The college, which had an alcohol-related death in February 2008 when 19-year-old student Nicholas Garza was found in a creek in Vermont after consuming alcohol, has had a medical amnesty policy for several years now, but calls to Middlebury administrators for comment on its long-term benefits were not returned.

"We're talking about saving human lives, because the fact is, young people's lives are at risk," McCardell said.

Across college campuses, activities that promote binge drinking have apparently become increasingly popular.

Several Greek life students at two Ivy League universities reported a university-banned drinking activity called "progressives" where sorority members attend different fraternity houses for a "power hour" of liquor and beer. Each fraternity has a different theme and a different drink (i.e. Mexican décor with margaritas).

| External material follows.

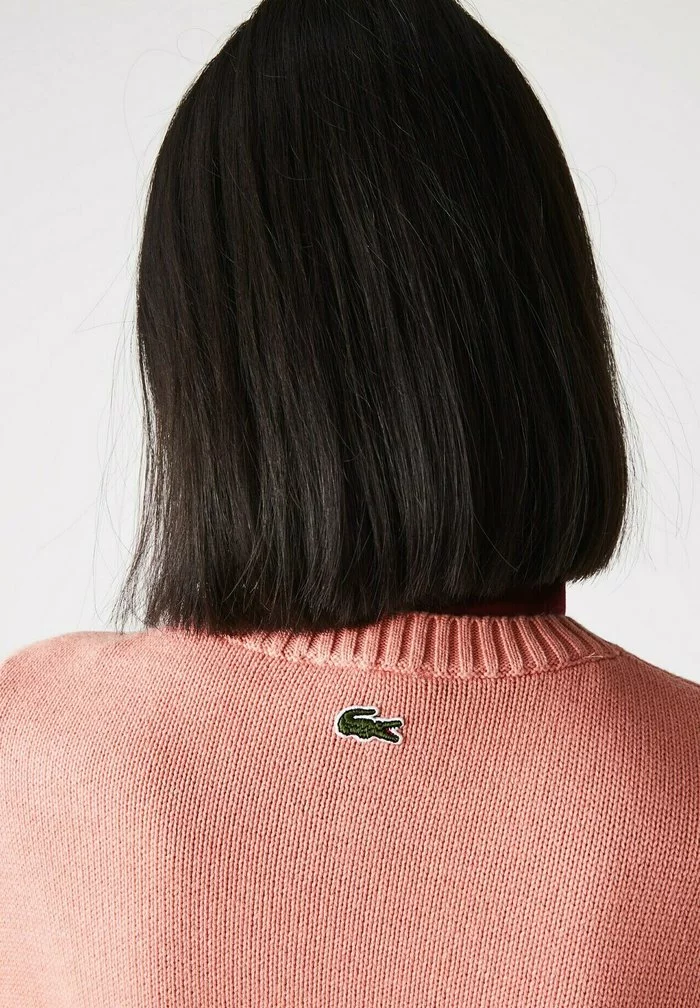 Lacoste Pullover - Rose Blanc 5 Lacoste Pullover - Rose Blanc – Image 5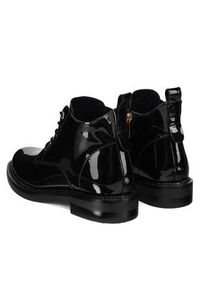 Sergio Bardi Trzewiki WI16-E1041-02SB Czarny. Kolor: czarny. Materiał: lakier, skóra #5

Excessive Drinking, a Growing Problem Among College Students

Sarah, 20, a member of a prominent sorority at one of the Ivy League universities, who wished to keep her last name private, told she herself has participated in "progressives" and seen firsthand people "black-out" and "vomit" from the excessive drinking.

The university, which has a medical amnesty policy, did not return phone calls for comment.

"I haven't had to call 911 for any of my friends, but I've heard of people not thinking twice for help because nothing is at stake for them," Sarah said. "Drinking is too much fun to just have one or two. It's hard to stop, but at least amnesty gives us an option."